_REQUIRED ACTION_:
After locating the line with "Otto Croc-Print Runners" in the entries below, output it and each following line up to and including the line with "Desktop Screenshot of eanj.org", exactly and without pictures.

_GIVEN ENTRIES_:
*** Block opens ***

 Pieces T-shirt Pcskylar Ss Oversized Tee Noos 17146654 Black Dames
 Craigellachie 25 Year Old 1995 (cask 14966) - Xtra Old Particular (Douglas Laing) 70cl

*** Block closes ***
*** Block opens ***

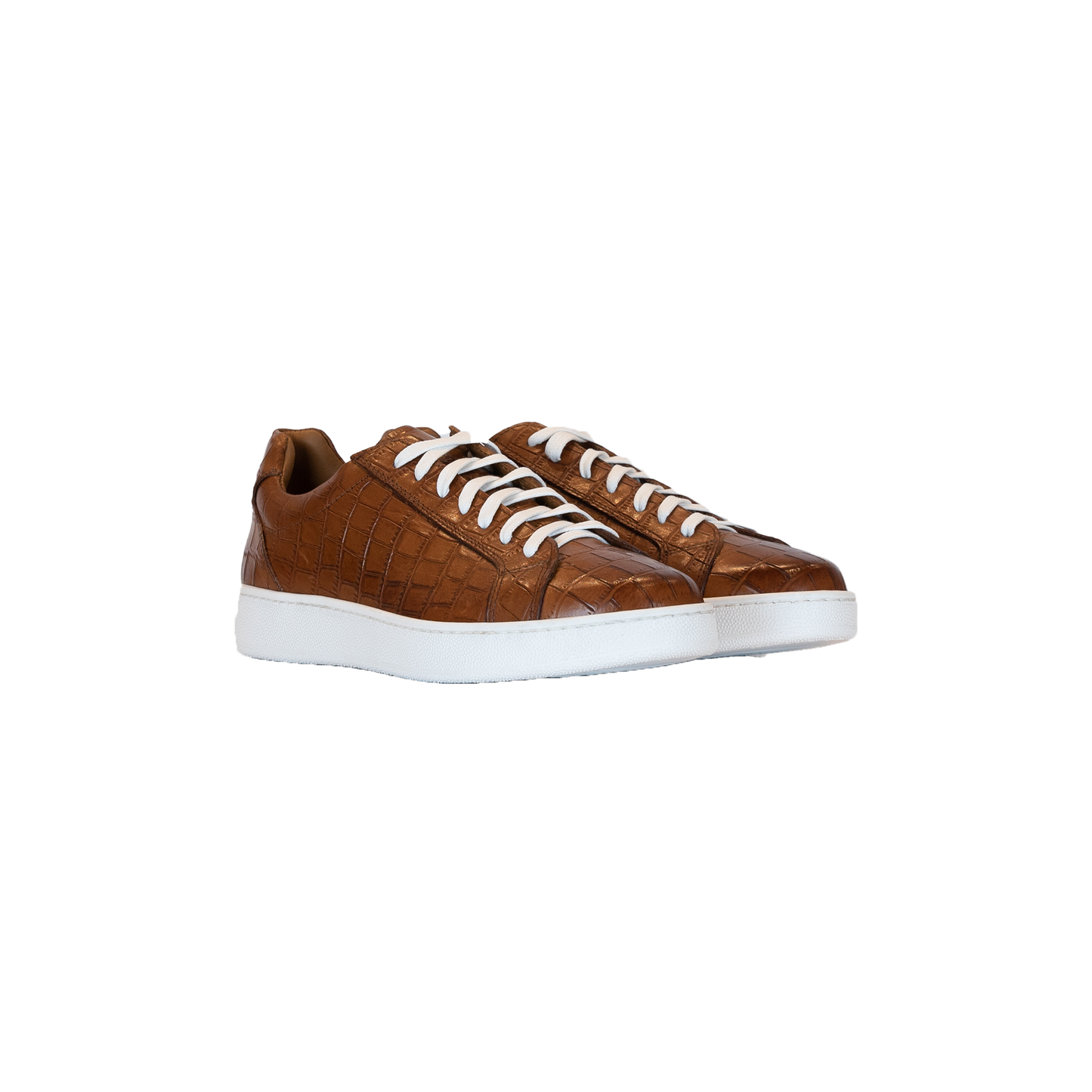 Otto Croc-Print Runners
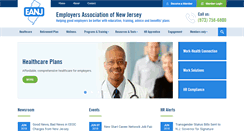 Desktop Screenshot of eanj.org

*** Block closes ***

_THE COMPLETED TASK_:
 Otto Croc-Print Runners
 Desktop Screenshot of eanj.org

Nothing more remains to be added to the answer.